Kings can match. (I thought the same thing as you earlier until corrected.) The Kings have Early Bird rights b/c he played there two years. We didn't have those with Duhon. So we had to preserve our MLE. Not an issue for the Kings.


----------



## Ron Cey (Dec 27, 2004)

johnston797 said:


> Kings can match. (I thought the same thing as you earlier until corrected.) The Kings have Early Bird rights b/c he played there two years. We didn't have those with Duhon. So we had to preserve our MLE. Not an issue for the Kings.


This is my understanding, too.


----------



## SALO (Jun 6, 2002)

> the salary-capped Kings have said they have no intention of exercising their right to match any offer sheet Songaila receives.


We have received this information from both Chicago and Sacramento newspapers. 

My guess is Petrie already told Songaila and his agent he won't match. It's not a matter of losing Songaila without compensation, I think it is more of a favor for Darius so he can get playing time somewhere else. Petrie already said he wouldn't be getting any playing time on the Kings. This also makes the Maloofs happy because they won't have to pay $4.4M in luxury tax for a guy glued to the bench the whole year.


----------



## yodurk (Sep 4, 2002)

johnston797 said:


> Kings can match. (I thought the same thing as you earlier until corrected.) The Kings have Early Bird rights b/c he played there two years. We didn't have those with Duhon. So we had to preserve our MLE. Not an issue for the Kings.


Is that the new so-called Gilbert Arenas rule?


----------



## fleetwood macbull (Jan 23, 2004)

> But Bartelstein said from the start that getting a deal done would be complicated, even though the salary-capped Kings have said they have no intention of exercising their right to match any offer sheet Songaila receives.
> 
> Bartelstein said many other teams have pursued the 6-9, 248-pound Songaila, who averaged 7.5 points and 3.7 rebounds last season for the Kings.
> 
> ''You have everybody in the league trying to get him,'' Bartelstein said. ''But we're trying hard to make something work with the Bulls. Darius thinks this is a good fit.''


so, choose the evil Bulls who do mean things like allegedly spread "dire warnings" about their troubled players and sabatage their careers? Over everybody in the league? 

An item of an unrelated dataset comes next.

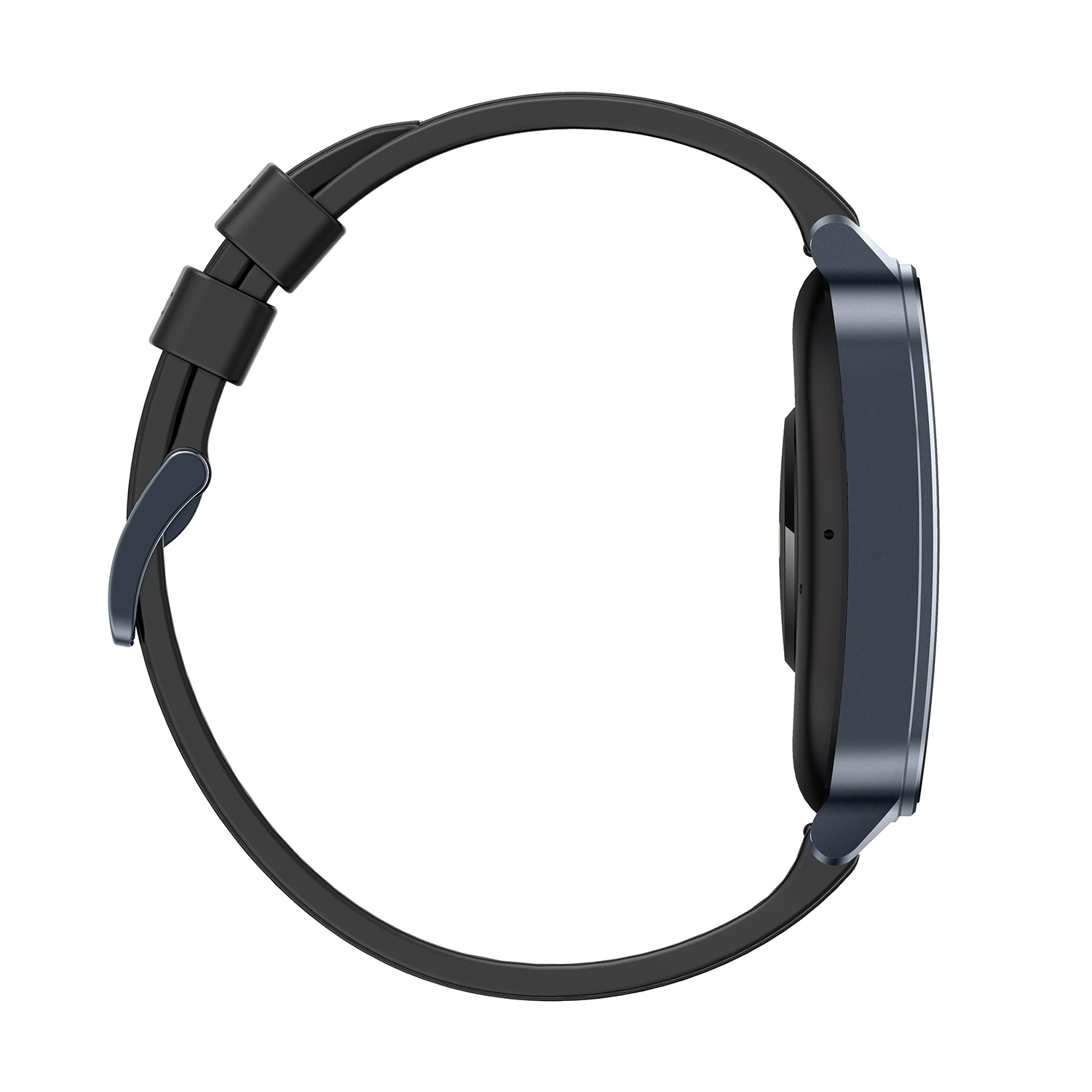 Foto 6 pulgar | Smartwatch  Kieslect Ks3 Negro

A Bulls team that trades away all its most talented, bestest players for accused manhole covers? A team with an annoying prerequisite of hard working "scrubs" over real glittery pretty Rickys like Rose?
A team that cares only about cap space and refuses to listen to naysayers who wanted to open the vault quickly for Crawford and Curry? A team that shamlessly decided to be cautious with the Chandler negotiations and heartlessly made him wait? A team with an mean ogre for a coach?

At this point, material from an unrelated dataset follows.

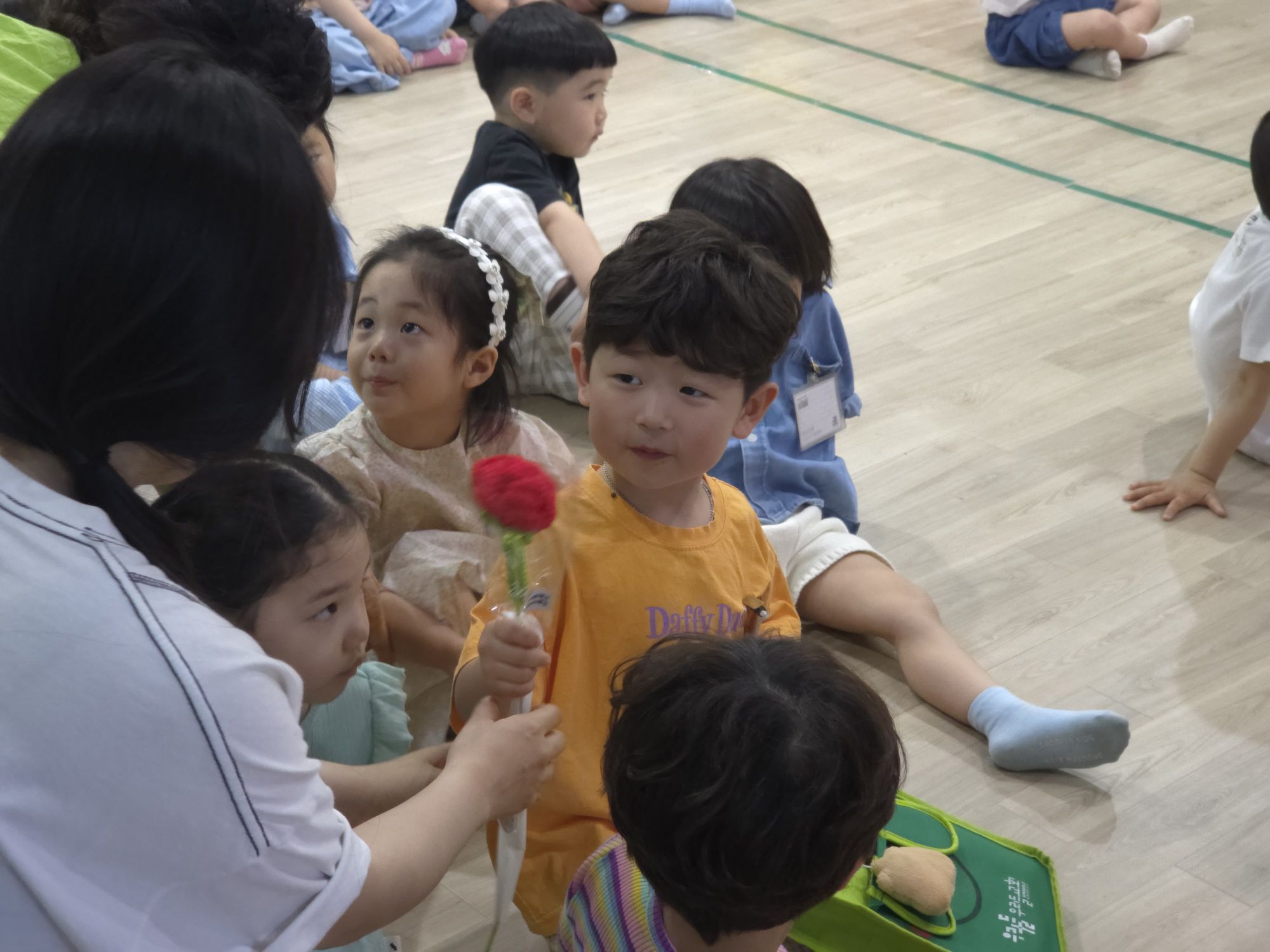 2026.05.17 유아5세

this Darius Songaila guy needs to consult with a couple of "in the know" Bulls board posters. He and his agent don't know what they are doing :biggrin:


----------



## rosenthall (Aug 1, 2002)

Is it tomorrow yet? :biggrin:


----------



## emplay (Jun 9, 2003)

Verified with a source of high repute that Malik Allen got a 2-yr LLE deal - no answer yet on whether it's team or player option for the second year.


----------



## mizenkay (Dec 29, 2003)

> Next week the Bulls will extend a contract offer to Darius Songaila of Sacramento, according to a team source. Songaila is a restricted free agent, but the Kings aren't expected to match an offer of $2.2 million because they have exceeded the luxury tax ceiling. … Bulls restricted free agent Jannero Pargo is likely to return for the upcoming season.

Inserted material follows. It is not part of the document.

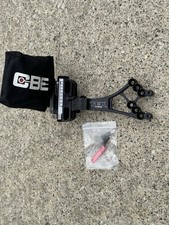 Cbe tek hybrid for sale  Redford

http://chicagosports.chicagotribune...lsbits,1,7563401.story?coll=cs-home-headlines


----------



## bulls (Jan 1, 2004)

mizenkay said:


> Next week the Bulls will extend a contract offer to Darius Songaila of Sacramento,


why wait around?send the offer now..


----------



## jbulls (Aug 31, 2005)

for whatever reason i can't seem to cut and paste from the page but there's a nice quote regarding songaila from ben gordon in the hoopshype rumors section. i guess it's one more reason to be optimistic about this getting done soon...

www.hoopshype.com/rumors.htm


----------



## SALO (Jun 6, 2002)

jbulls said:


> for whatever reason i can't seem to cut and paste from the page but there's a nice quote regarding songaila from ben gordon in the hoopshype rumors section. i guess it's one more reason to be optimistic about this getting done soon...
> 
> www.hoopshype.com/rumors.htm


Nice find.

I'll quote from the Sacramento Bee for you...



> The Kings' restricted free-agent forward has been on the brink of joining the Bulls for weeks, yet Petrie - who has no plans to match an offer - said he still expects Songaila to land in the Windy City.
> 
> Bulls guard *Ben Gordon, who worked out with Songaila in Chicago on Wednesday*, said he has been fitting in nonetheless.
> 
> "He brings a big man who can shoot from the perimeter, and that's going to help us a lot," said Gordon, who - with Kings point guard Mike Bibby - was a guest on the show, Wheel of Fortune. *"I think he's going to be a big part of our success this year.*"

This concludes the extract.